秩父三十四カ所巡礼の旅 Day4の③ 〜秩父甲州街道をゆく〜
29番札所・長泉院に到着。
旧荒川村は枝垂れ桜の里として有名で、ここ長泉院の入り口にも枝垂れ桜が植えられている。
観音堂内には「葛飾北斎52歳」と銘が入った楼花の絵が掲げてあり、古くから桜にゆかりのあった地であったことが窺える。
参道前の道を横切り、薄暗い道に入っていくと、心求・はまの道標石、庚申塔、それと何かの石碑が一箇所にまとめられている場所があった。
かつての巡礼では川を越えたあとこの場所まで出てきて、ここから長泉院に向かっていたようだ。30番へもここから向かっていく。
清雲寺に立ち寄る。旧荒川村を代表する枝垂れ桜の名所で、その桜は樹齢600年とも言われている。
とはいえこの秋真っ只中では観光客の姿は一人もおらず、枝垂れ桜も次の春までのお休み期間のようだった。今見てもなかなか荘厳であったが、やはり春先の絢爛に振る舞う姿を見てみたいものである。
隣の若獅子神社に立ち寄る。この神社もまた桜の時期には観光客で賑わうのだが、この秋のシーズンの夕暮れには些か背筋がヒンヤリする空気を醸していた。
敷地内には県指定天然記念物である「若獅子断層洞及び断層群」や若獅子神社遊歩道も整備されており、機会があれば時間をかけて楽しむこともできそうだった。

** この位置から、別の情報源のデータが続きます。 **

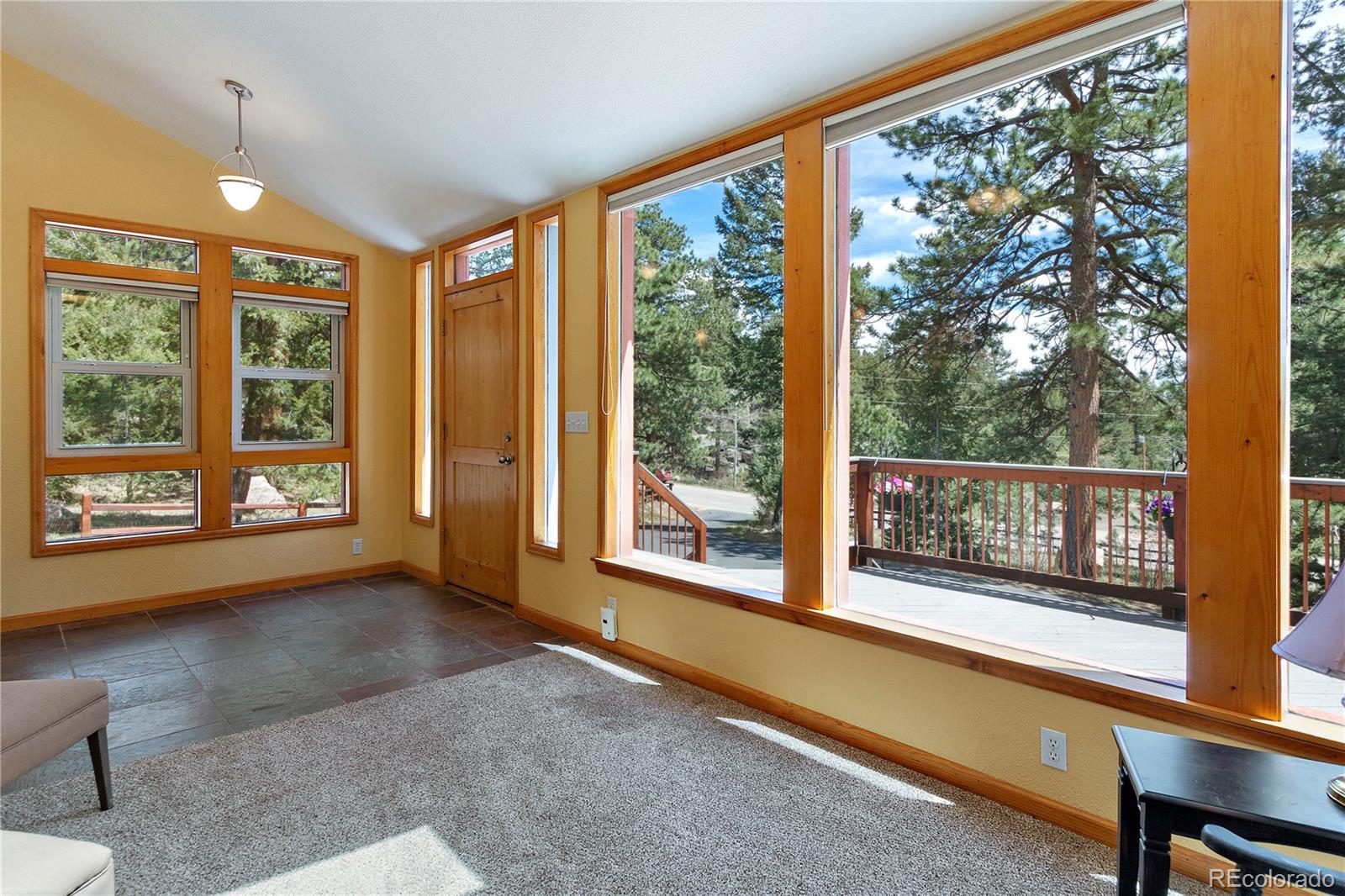 31259 Florence Road Conifer, CO 80433 - Photo 8 of 40 Gallery Image 8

道が二股に分かれる場所に様々な石標がまとめられていた。かつて寺院だった場所だったようで、馬頭尊や地蔵などが並んでいる。中には「右三十番」と刻まれた道標としての役割を持つ地蔵もあった。これは明和7(1770)年のものだというから、巡礼の歴史を物語る貴重な地蔵である。
さらに進むと再び二手に分かれる箇所が。
左の「巳待塔」は宝暦3(1753)年の銘入り。右の道標は左「舟川越事上二至ル(「船川」「越」「事上」の集落に向かうという意味)」右「三十番道」と刻まれた比較的新しい道標。
そばの花が咲き始めていた。
旧荒川村は秩父の中でも特にそばの生産が盛んな地域で、近年その生産量を増やしているという。かつては自地域内での消費に留まっていたが、最近では町おこしの観点などから秩父全体で「蕎麦推し」の傾向にあるようだ。

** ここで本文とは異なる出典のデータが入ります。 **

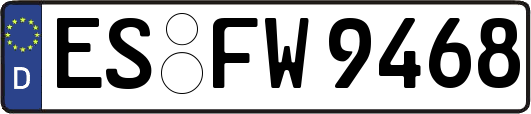ES-FW9468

秩父鉄道・武州中川駅の脇を抜けて国道140号に出てきた。本来の古道は現在駅がある場所を突っ切るように通っていた。
秩父市役所荒川総合支所(旧荒川村役場)の脇から狭い道に入っていく。入り口には「歴史の道 秩父甲州往還道」と書かれた杭が設置されていた。秩父甲州往還は中山道熊谷宿から甲府に至る街道だが、そのルートの一部をこれからしばらく辿ることになる。

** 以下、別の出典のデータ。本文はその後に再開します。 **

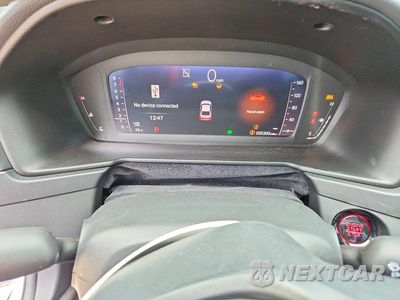 Zdjęcie 9 z 12 samochodu: 2023 HONDA ACCORD EX VIN:1HGCY1F36PA038688 - miniatura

安谷川へ降りる道中には安政2(1855)年に建てられた自然石の芭蕉句碑「む可し幾計秩父殿さへ 寿まふとり」があった。
さらに下り木橋を渡る。水の流れる音がしばしの休息を与えてくれるが、その直後足場の悪い登り坂が待ち受けていた。さほど距離は無かったが、なかなか急坂なので注意が必要である。
国道140号線と再会するが、すぐに道は旧道へと逸れていく。旧道との分岐地点には三峰山講中が建立した三峰山登拝碑が立っていた。調べたところ、右「三峰山新道」左「旧道」と記されているとのこと。もちろん左へ進む。
進んだ先、民家の脇には「夜泣き石」と刻まれた石が。東海道の小夜の中山にも「夜泣き石」伝説があるのは知っていたが、どうやら全国各地にも同様の伝説が残されているようだ。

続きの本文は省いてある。